Su corazón pertenecía por entero a Gotland. Sus raíces eran hondas; su familia había habitado en la isla desde que se tenía memoria de ello. Sus padres vivían en una granja en Kappelshamn, en el noroeste de Gotland. Ya habían superado la edad de jubilación, pero todavía elaboraban
tunnbröd,
un pan crujiente que servían a los restaurantes y tiendas de la isla. Su pan era muy conocido y había turistas que, según afirmaban, viajaban a Gotland sólo para adquirirlo. No se encontraba en ningún otro sitio. Knutas mantenía una buena relación con sus padres, pero prefería tenerlos a prudente distancia. Cuando Line y él decidieron comprar una casa de veraneo, su padre trató de convencerlo de que la compraran en Kappelshamn, pero ellos optaron por Lickershamn, un pueblo cercano. Si sus padres necesitaban alguna ayuda durante el verano, podía acercarse en un momento, sin tenerlos entrando y saliendo de su casa a todas horas.
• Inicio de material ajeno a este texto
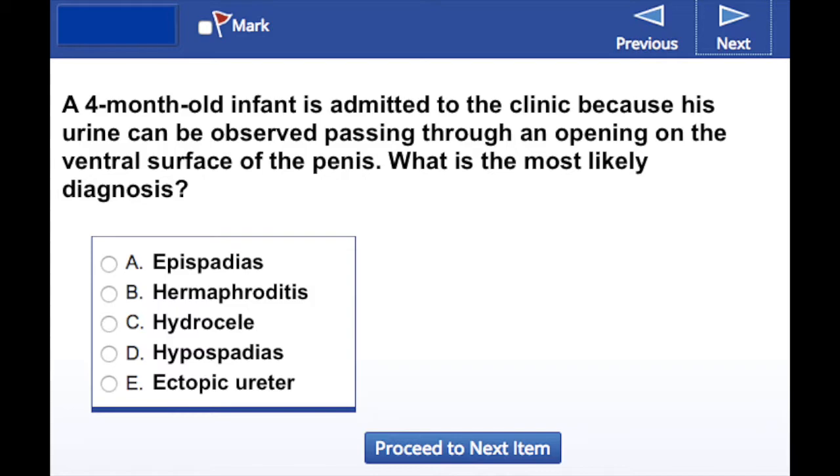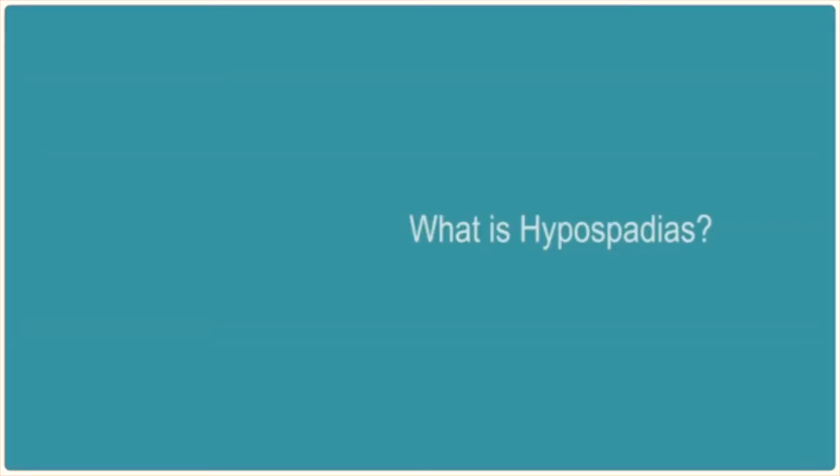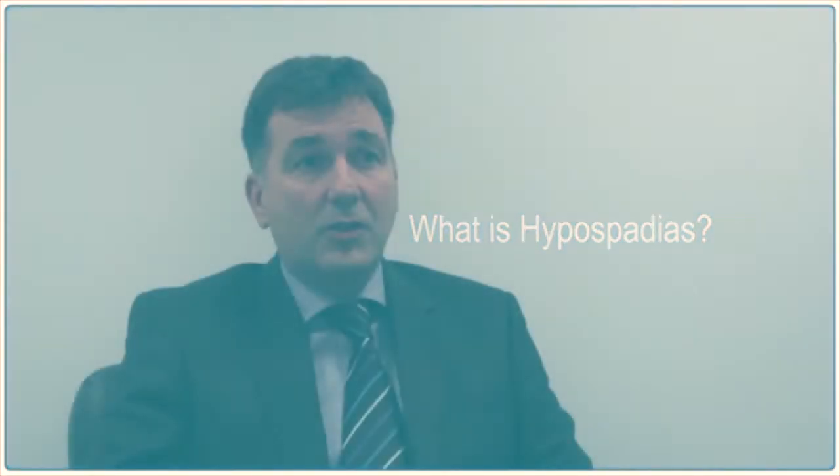Hopefully you're focusing in on hypospadias. Hypospadias is a congenital abnormality which is found in about 1 in 250 boys at birth.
Tenía una hermana mayor que vivía en Färjestaden, en la vecina isla de Öland, y un hermano gemelo militar que residía en la isla de Fårö. Se veían sobre todo en reuniones familiares. Con su hermana Lena, por lo común coincidía sólo en Navidad y en la fiesta del solsticio de verano. Ella era siete años mayor, y nunca tuvieron muy buena relación. Su hermano, en cambio, llamaba de vez en cuando y proponía salir a comer algo o tomar una cerveza juntos. A pesar de que se veían muy de tarde en tarde, mantenían una buena relación. A veces pensaba que tal vez fuera eso lo que ocurría entre hermanos gemelos, que uno siempre sabía dónde tenía al otro, sin necesidad de demostrar continuamente que la relación aún existía. Cuando iba de visita a Visby, su hermano solía quedarse a dormir en casa de Knutas. Sus hijos apreciaban a su tío. A Petra y a Nils les gustaba escuchar sus increíbles historias de la vida militar y siempre se tronchaban de risa con él.